Jeannette Sorrell, conductor

Award-winning harpsichordist and conductor Jeannette Sorrell has been credited by the BBC Music Magazine for forging “a vibrant, life-affirming approach to the remaking of early music… a seductive vision of musical authenticity.” She takes her inspiration from the 17th-century concept of Affekt, in which the goal of the musician is to move the emotions of the listeners. Ms. Sorrell makes use of Baroque dramatic devices, including rhetoric and harmonic tension and release, to bring Baroque repertoire to life in a highly personal and communicative way.
Ms. Sorrell’s recent and upcoming guest conducting engagements include Handel’s Messiah in her Kennedy Center debut with the National Symphony in December 2017, as well as returns to the New World and Utah symphonies and debuts with the St. Paul Chamber Orchestra and at the Grand Teton Festival. She has previously led the Pittsburgh Symphony, Los Angeles Chamber Orchestra, Seattle Symphony, Opera Theatre of St. Louis with the St. Louis Symphony, Handel & Haydn Society (Boston) and the symphony orchestras of Jacksonville, Omaha, North Carolina, and Grand Rapids.
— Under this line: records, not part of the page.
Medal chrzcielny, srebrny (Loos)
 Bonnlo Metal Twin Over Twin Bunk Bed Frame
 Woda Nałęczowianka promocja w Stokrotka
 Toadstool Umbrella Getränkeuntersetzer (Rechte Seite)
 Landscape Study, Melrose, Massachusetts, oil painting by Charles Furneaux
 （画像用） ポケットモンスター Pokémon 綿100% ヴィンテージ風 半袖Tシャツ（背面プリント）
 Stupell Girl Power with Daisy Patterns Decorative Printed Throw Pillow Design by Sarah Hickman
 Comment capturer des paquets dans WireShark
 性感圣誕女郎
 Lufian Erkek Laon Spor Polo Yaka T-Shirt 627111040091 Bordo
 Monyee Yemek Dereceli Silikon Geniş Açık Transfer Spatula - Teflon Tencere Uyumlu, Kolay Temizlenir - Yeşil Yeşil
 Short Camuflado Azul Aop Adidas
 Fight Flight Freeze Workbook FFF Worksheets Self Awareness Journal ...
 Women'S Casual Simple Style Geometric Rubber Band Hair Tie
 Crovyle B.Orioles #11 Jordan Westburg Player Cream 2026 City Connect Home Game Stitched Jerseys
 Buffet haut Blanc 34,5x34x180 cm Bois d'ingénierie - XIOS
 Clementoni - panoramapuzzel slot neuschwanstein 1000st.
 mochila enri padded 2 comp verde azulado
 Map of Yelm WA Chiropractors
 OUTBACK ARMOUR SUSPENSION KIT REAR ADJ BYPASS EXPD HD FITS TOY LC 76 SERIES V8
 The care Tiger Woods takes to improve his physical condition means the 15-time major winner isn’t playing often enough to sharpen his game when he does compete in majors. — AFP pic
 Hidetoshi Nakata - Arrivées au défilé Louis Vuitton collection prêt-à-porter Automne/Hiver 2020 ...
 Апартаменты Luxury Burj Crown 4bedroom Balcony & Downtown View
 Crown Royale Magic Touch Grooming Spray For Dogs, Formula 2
Founder and conductor of Apollo’s Fire, Ms. Sorrell has built one of the largest audiences of any North American Baroque orchestras, with performances across America and Europe including the Tanglewood, Aldeburgh, BBC Proms and Aspen festivals, Metropolitan Museum in New York, Library of Congress and London’s Wigmore Hall.
Ms. Sorrell and Apollo’s Fire record for the British label AVIE RECORDS and have released 24 commercial CDs, of which seven have been bestsellers on the Billboard Classical chart. Her recordings include the complete Brandenburg Concertos and harpsichord concertos (with Ms. Sorrell as harpsichord soloist and director), which was praised by the The Times of London as “a swaggering version… brilliantly played by Sorrell.” Her other bestsellers with Apollo’s Fire include two crossover/folk programs, Sacrum Mysterium: A Celtic Christmas Vespers and Come to the River: An Early American Gathering. For the research and production of the latter disc, she received an American Masterpieces grant from the National Endowment for the Arts, one of two she has been awarded by the NEA.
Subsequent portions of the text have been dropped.